A big event is often seen as the precursor to a breakthrough in the Middle East peace process between Israel and the Palestinians. Saddam Hussein has been defeated? Time for peace. Now the latest ructions in Egypt are reigniting the call for peace. German chancellor Angela Merkel told Benjamin Netanyahu on Monday that it's time for--what else?--new talks with the Palestinians, citing the "troubled times" in Egypt and Tunisia as rendering it "even more important to get on with the peace process."
Here at the National Interest the same plea has been made by Bruce Riedel and Paul Pillar. The argument seems to be something along the lines that there's never been a more urgent time to try and tamp down Islamic radicalism. The peace process can play an integral role.

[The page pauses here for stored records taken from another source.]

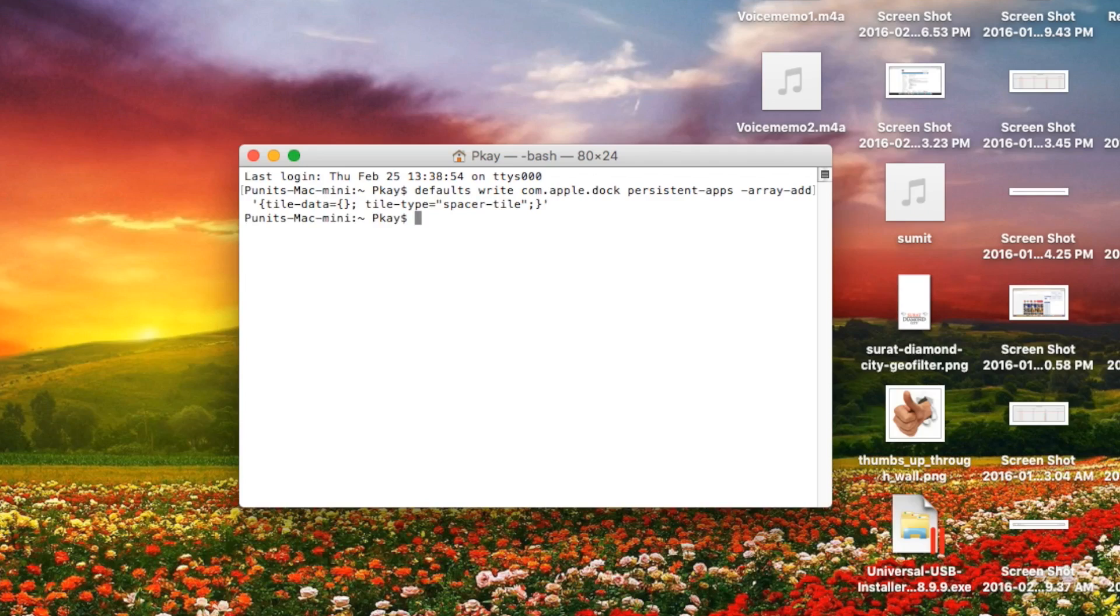I'd also like to mention that if you'd like to add much more space, you can just hit the same command again to increase the space again, or increase the space by 2x.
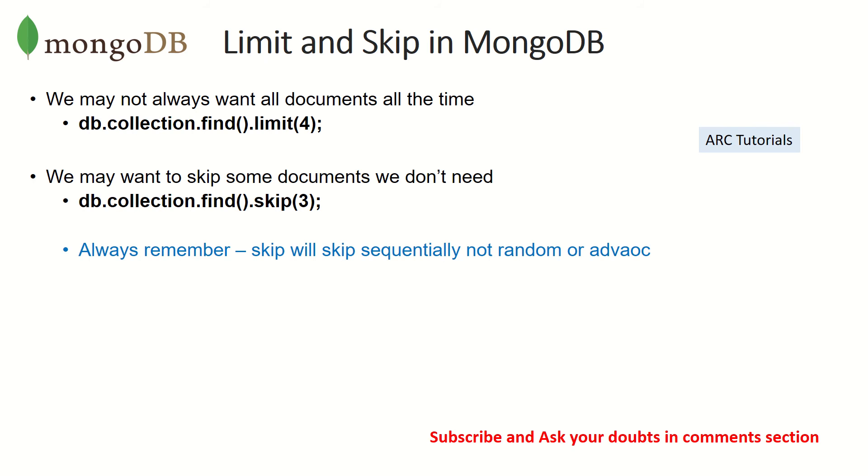Remember the trick here: skip will always skip sequentially. You cannot say skip two in the front one in the back, no that doesn't work. You have to skip sequentially. When you say skip, it will skip the top three that were returned. Remember the important difference between limit and skip because this is often asked if you are attending an interview.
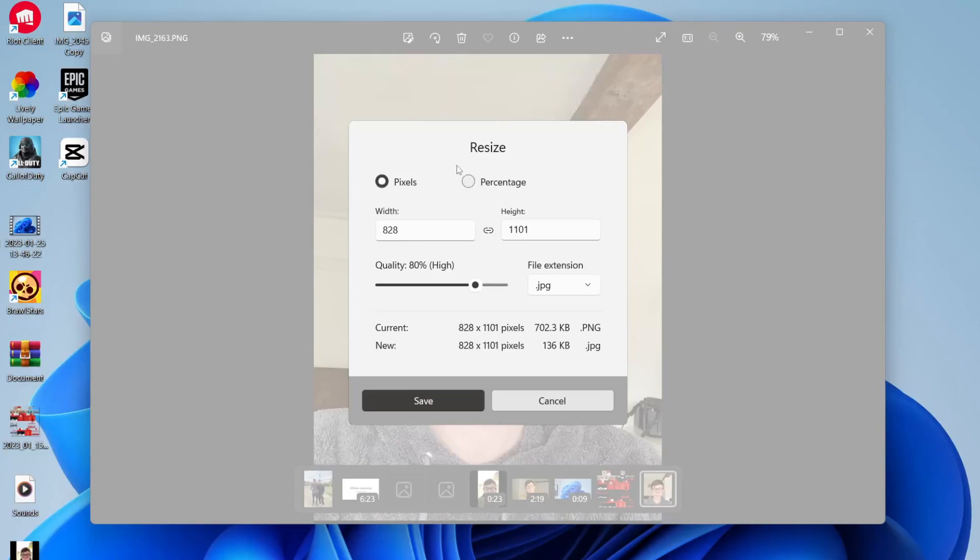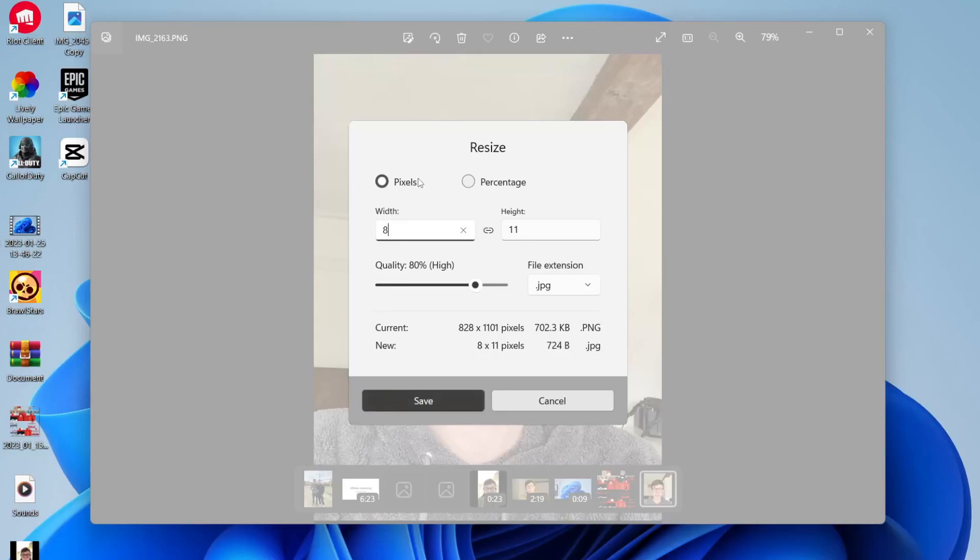As you can see, you can resize with pixels or as a percentage. I'm going to resize with pixels. You can choose the new width you'd like - I'll change this to 500, for example. You'll notice the height also changes. This is because the photo is in an aspect ratio, so it stays the same shape but just becomes smaller.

To which one can only wonder, what peace process? There is a lot of toing and froing between the Israelis and Palestinians. So it has gone for decade after decade. Israel continues to build settlements. The Palestinians wallow in their plight. And the Arab world remains blind to the fact that it threw away most of its crediblity by rejecting the 1947 UN Partition plan, which was far more advantageous than anything it would get in negotiations today. It may well figure that time is on its side. The longer the Arabs and Palestinians hold out, the weaker Israel's strategic position becomes, both because of the Arabs living inside it and its longterm inability to digest the West Bank.
The truth is that renewed negotiations could actually inflame the Arab world, which might see them as a sellout to the Israelis. Radical Muslims probably figure they've never had it so good. Egypt and Jordan could fall under the sway of Islamic radicals. What's the incentive for the Arab world to endorse negotiations?
For Israel to embark upon serious negotiations would be tantamount to negotiating with a loaded revolver to its head. It doesn't know how Egypt is going to play out, either. Might Egypt turn into an actively hostile foe after decades of a cold peace? Is Israel's "strategic space" about to shrink further? The odds are that Israel will turn even further to the right should Egypt devolve back into nationalism, or some syncretic form of "isms" that includes radical Islam.
If Egypt turns out well, and some form of tender democratic shoots take hold, then the pressure on Israel would mount considerably to reach some kind of deal with the Palestinians. But the situation is far too murky to expect more than bluff and bombast to emanate from both the Israelis and Palestinians about the peace process for weeks to come.
Anyway, the problem in the Middle East right now isn't Israel. It's radical Islam. Pakistan, Jordan, and Saudi Arabia could all face internal turmoil should the Tunisian revolt continue to spread. Perhaps this really will be 1989 all over again. But there is plenty of room to wonder.